Uygulamada sık sık miras bırakanın mirasçıların haberi olmaksızın mirasının bir kısmını belirli bir kişiye bırakmış olduğu durumlarla karşılaşılmaktadır. Bu durum mirasçıların bazı durumlarda hakkını ihlal etmektedir. Nitekim kişiler mal varlıkları üzerinde serbestçe tasarruf edebilmektedirler. Bu tasarruf özgürlüğü Kanun’un açık hükümleri uyarınca kısıtlanmaktadır. Buna göre, saklı paylı mirasçıların paylarına zarar verilmemesi gerekmektedir. 

Murisin tereke üzerindeki tasarruf edebildiği kısma tasarruf oranı denilmektedir. Bu tasarruf oranı saklı pay oranıyla ters orantılıdır. Saklı pay oranı arttıkça tasarruf oranı azalmaktadır. 

Saklı Pay Mirasçıları 

Yasal mirasçıların tamamı saklı pay mirasçıları olmamakla birlikte, TMK m.506’da belirtilmektedir. Buna göre birinci grup saklı paylı mirasçılar, murisin altsoy mirasçılarıdır. Tüm altsoy yasal mirasçılar, yasal miras payının yarısı kadar saklı paylı mirasçılardır. 

İkinci grup saklı paylı mirasçılar murisin anne ve babasıdır. Bunların saklı payı yasal miras paylarının 1/4’üdür. 2007 yılında Türk Medeni Kanunu’nda bir değişiklik yapılmıştır. Bu değişiklikten önce kişinin kardeşleri de saklı paylı mirasçı sayılmaktayken günümüzde mirasbırakanın kardeşleri saklı paylı mirasçı olarak kabul edilmemektedir. Bununla birlikte miras paylaşımı ölüm olayının gerçekleştiği tarihteki kanuna göre yapılmaktadır. Bu sebeple kişinin 2007 tarihinden önce veya sonra vefat etmiş olması önem arz etmektedir. 

Üçüncü saklı pay mirasçı ise sağ kalan eştir. Sağ kalan eşin saklı payı, birlikte mirasçı olduğu zümreye göre değişmektedir. Sağ kalan eş altsoy veya ana baba zümresiyle mirasçı olursa yasal miras payının tamamı saklı paydır. Diğer durumlarda ise yasal miras payının ¾’ü saklı payını oluşturmaktadır. 

Mal Rejiminin Saklı Pay Üzerindeki Etkisi

Mal rejimi ölüm, başka bir mal rejimine geçme ve boşanma veya evliliğin iptali durumlarında tasfiye edilmektedir.

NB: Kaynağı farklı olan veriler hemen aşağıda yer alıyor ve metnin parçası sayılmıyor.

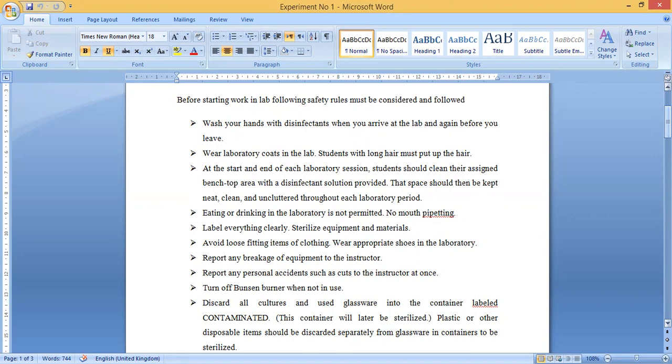Then wear the lab coat — a proper, neat, and clean lab coat covering your whole costume must be worn. Students with long hair must tie it up and cover their hair properly with a cap. If you are wearing a dupatta, hijab, or scarf, your hair should be tied properly and covered. This is the second important step: wearing the lab coat and covering your hair.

Ölüm ile miras açılır. Tereke mirasçılar tarafından paylaşılmadan önce, ilk olarak tereke borçları ödenir daha sonrasında ise mal rejimi tasfiyesi yapılır. Daha sonra ise miras payları dağıtılır. 

Unutmamak gerekir ki, Medeni Kanunu’muzda edinilmiş mallara katılma rejimi yasal mal rejimi olarak kabul edilmiştir. Edinilmiş mallara katılma rejiminde eğer mal edinilmiş malsa ½’yi eş alır. Kalan ½’nin de ¼’ünü de yine sağ kalan eş almaktadır.   

Tasarruf Oranının Hesaplanması

Murisin tasarruf edebileceği miktarın hesaplanabilmesi için terekenin tespiti gerekmektedir. Türk Medeni Kanunu 507.maddesinde tasarruf edilebilir kısmın hesabını düzenlemiştir. İlgili maddeye göre tasarruf edilebilir kısım terekenin miras bırakanın ölüm günündeki durumuna göre hesaplanır. 

Tereke hesaplaması yapılırken öncelikle terekenin net olarak belirlenmesi önem arz etmektedir. Tereke murisin mal varlığı olduğu için aktif ve pasiflerden oluşmaktadır. Net tereke terekenin pasiflerinden ayrıldıktan sonra paylaşılacak esas terekeyi ifade eder. 

TMK m.507’ye göre, net tereke hesabı yapılırken miras bırakanın borçları, cenaze giderleri, terekenin mühürlenmesi ve yazım giderleri, miras bırakan ile birlikte yaşayan ve onun tarafından bakılan kimselerin üç aylık geçim giderleri terekeden indirilir. 

Tüm bunlarla birlikte terekeye eklenmesi gereken değerler de bulunmaktadır. 508.maddeye göre miras bırakanın sağlar arası karşılıksız kazandırmalar, tenkise tabi oldukları ölçüde terekeye eklenmelidir.